The swimsuit targets Lake’s opponent, Governor-elect Katie Hobbs (D), who’s at present Arizona’s secretary of state, together with prime officers in Maricopa County, essentially the most populous within the state. As secretary of state, Hobbs licensed Arizona’s election outcomes.
Within the 70-page lawsuit, Lake asks the Maricopa County Superior Court docket for an order “declaring that Kari Lake is the winner of the 2022 Arizona gubernatorial election,” or alternatively throwing out the outcomes of the election and requiring the county to conduct a brand new election.
Lake is the highest-profile election denier to contest her own loss within the midterm elections. Most others who misplaced have conceded defeat.
Even earlier than midterm voting started, Lake refused to say she would settle for the outcomes of the gubernatorial election except she received.
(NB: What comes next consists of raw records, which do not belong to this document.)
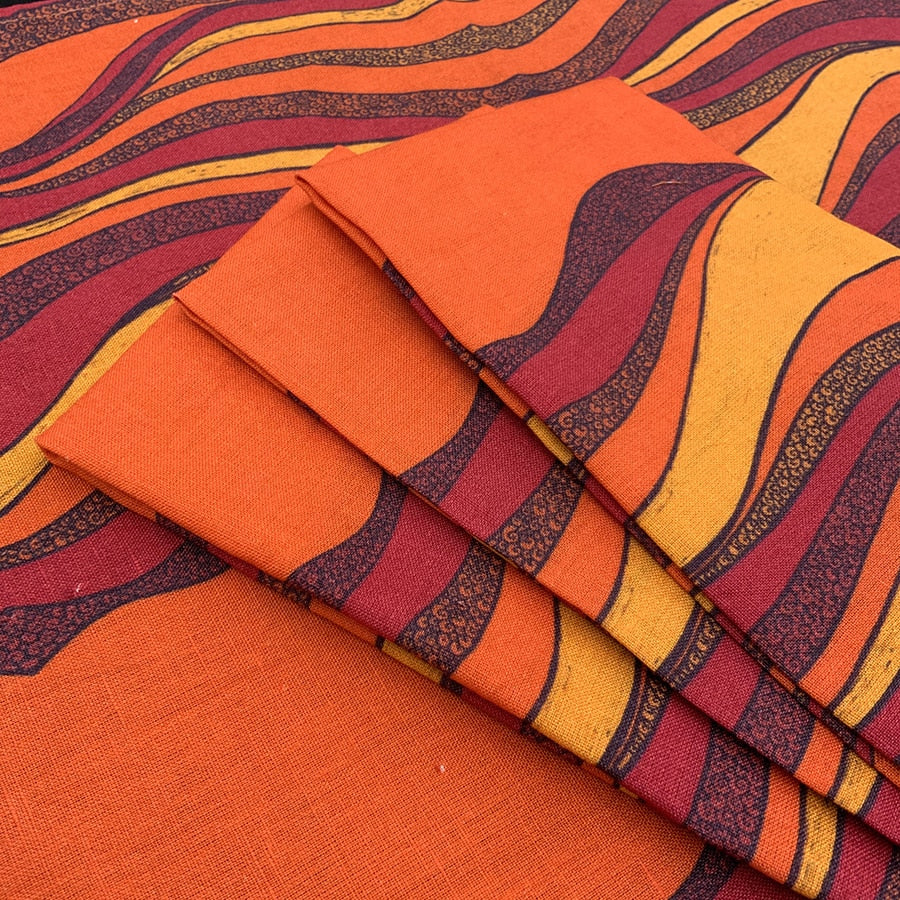folded dessert sun orange table napkins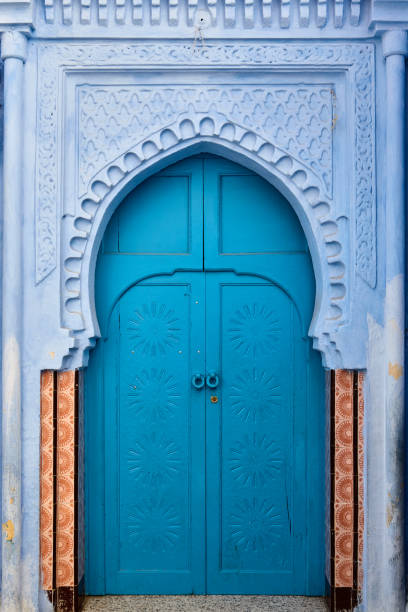 Morocco Fez city. man in traditionalclothig walking pass Fez royal palace gate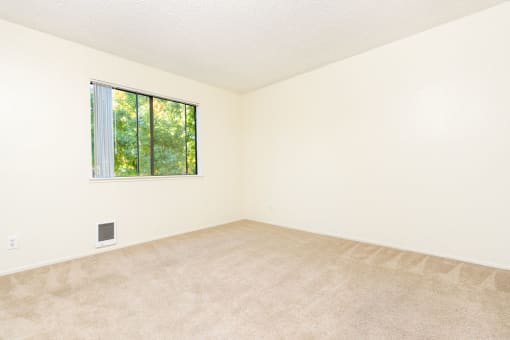 an empty room with a window in it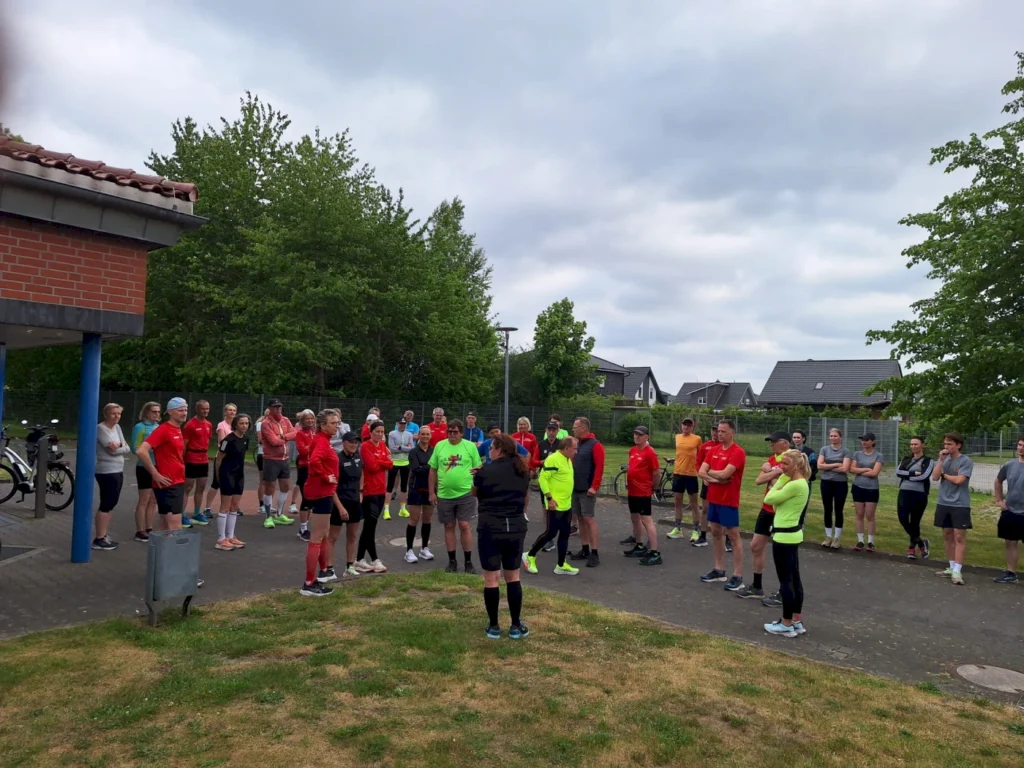 Gruppentraining im Freien mit sportlich gekleideten Teilnehmern, die auf einen Trainer hören. Die Szene zeigt eine Vielzahl von Menschen in Laufkleidung, die sich auf einem Sportgelände versammeln, um an einer Fitnessaktivität teilzunehmen. Im Hintergrund sind Bäume und Wohnhäuser sichtbar.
She described the race as “botched” earlier than it was known as.
The lawsuit repeats unsupported claims that Lake has beforehand made about Maricopa County’s election and alleges that Hobbs and the county officers have “shattered” public belief within the election course of.
Hobbs’s marketing campaign known as the lawsuit baseless, saying it was a “determined try and undermine our democracy and throw out the desire of the voters.”
“Arizonans made their voices heard and elected Katie Hobbs as governor. No nuisance lawsuit will change that,” Hobbs’s marketing campaign said in a statement on Twitter.
Like Trump, Lake has sought to sow doubt within the election outcomes by way of social media, asking customers to share their accounts of voting points in Maricopa County. She has shared tales of some voters who needed to wait in strains to solid their ballots because of a printing error.
“The Election Day debacle … preclude[s] the Defendants on this motion from certifying Hobbs because the winner of the election,” the lawsuit reads. The swimsuit partly hinges on these claims, alleging “unlawful” votes and saying Republican voters have been “disenfranchised.”
Responding to a request for remark from The Washington Publish, Lake’s authorized counsel, Kurt Olsen, cited particulars from the 70-page lawsuit.
Olsen complained of purported discrepancies between poll signatures and the official file signatures for some voters, in addition to mechanical issues at some websites on election day.
There isn’t a proof voters couldn’t solid their ballots due to mechanical glitches, in response to a report by election officials. Tom Liddy, Maricopa County’s civil division chief and a lifelong Republican, wrote in a five-page letter accompanying the report that “all voters have been nonetheless offered affordable, lawful choices for voting.”
A leaked call final month confirmed that attorneys for Lake’s marketing campaign and the Republican Nationwide Committee questioned a lawyer for Maricopa County, which incorporates Phoenix, about perceived voting issues. After her loss, advisers urged Lake not to claim the election was stolen, as Trump did in 2020, The Publish reported.
Lake additionally asks the judges to order a “forensic examination” into what the lawsuits lists as issues on Election Day, to throw out any invalid ballots, and to permit her to examine Maricopa County’s ballots.
Meryl Kornfield contributed to this report.